/---

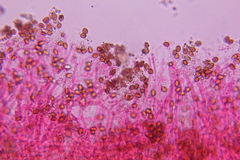 Psilocybe subtropicalis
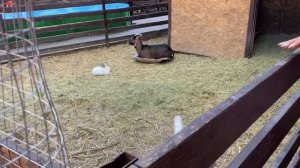 ГОРОДСКОЙ ПАРК САРАТОВ|ТРОГАТЕЛЬНЫЙ ЗООПАРК КРОШКА ЕНОТ|АТТРАКЦИОНЫ В САРАТОВЕ |МИР ГЛАЗАМИ ENEST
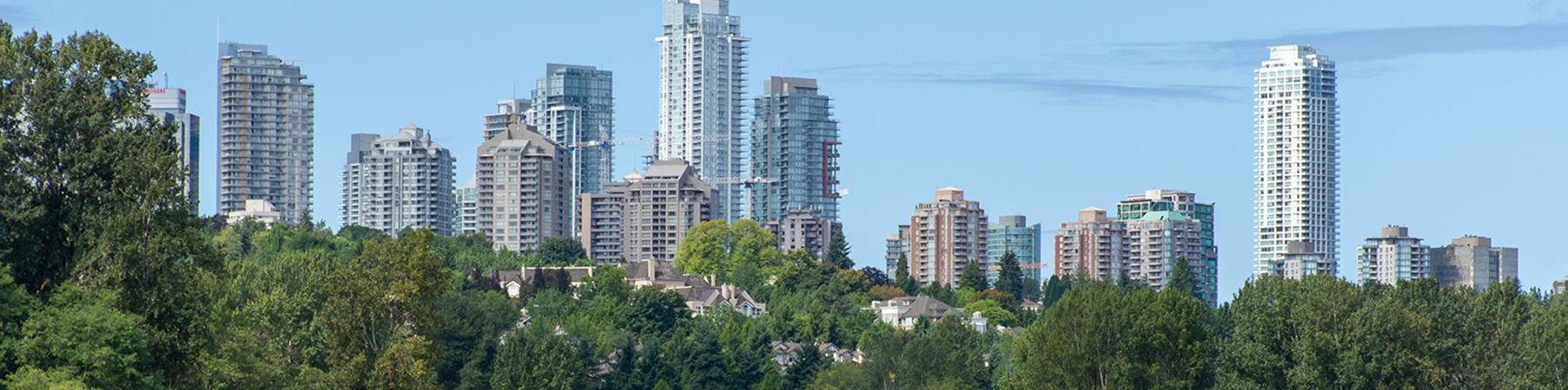 PATRICIA NG, CFP, FMA, FCSI, CIM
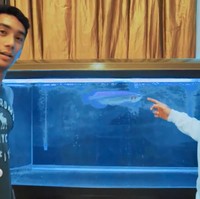 Saat mampir ke rumah Marini dan bertemu Daffa, Verrell terkagum dengan salah satu hiasan di rumah tersebut. Ada akuarium berisi ikan arwana yang disebutnya berharga fantastis.  (Foto: YouTube/VRL Bramasta)
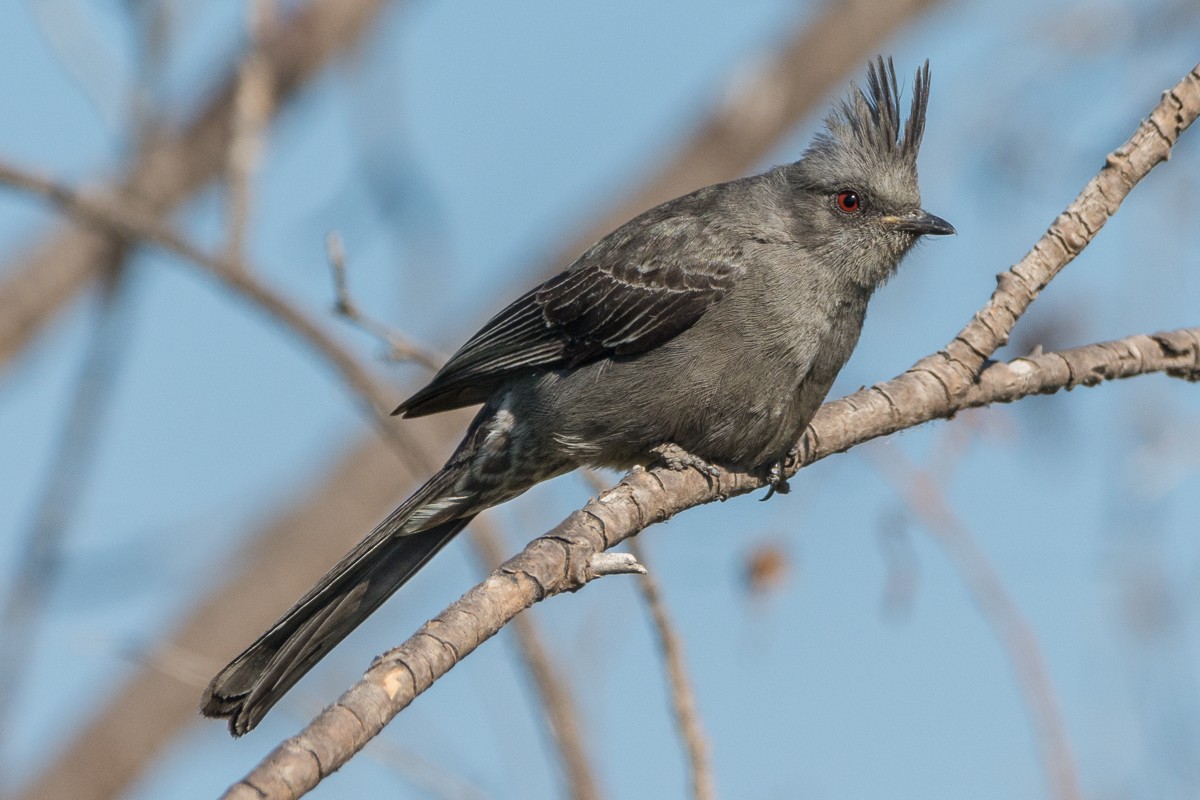 Kara Faynopepla - ML311180551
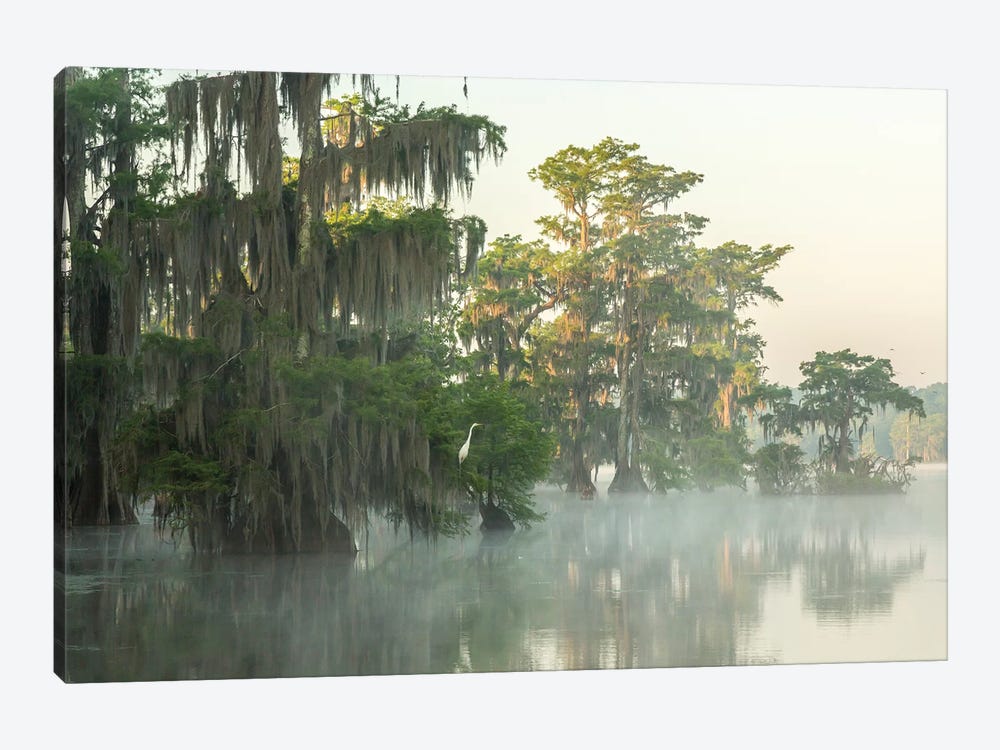 USA, Louisiana, Lake Martin. Foggy sunrise on swamp.  by Jaynes Gallery 1-piece Canvas Artwork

\---

- [WHAT THE TASK REQUIRES]: Give the listing again exactly, minus its images.

- [ANSWER BOX]:
 Psilocybe subtropicalis
 ГОРОДСКОЙ ПАРК САРАТОВ|ТРОГАТЕЛЬНЫЙ ЗООПАРК КРОШКА ЕНОТ|АТТРАКЦИОНЫ В САРАТОВЕ |МИР ГЛАЗАМИ ENEST
 PATRICIA NG, CFP, FMA, FCSI, CIM
 Saat mampir ke rumah Marini dan bertemu Daffa, Verrell terkagum dengan salah satu hiasan di rumah tersebut. Ada akuarium berisi ikan arwana yang disebutnya berharga fantastis.  (Foto: YouTube/VRL Bramasta)
 Kara Faynopepla - ML311180551
 USA, Louisiana, Lake Martin. Foggy sunrise on swamp.  by Jaynes Gallery 1-piece Canvas Artwork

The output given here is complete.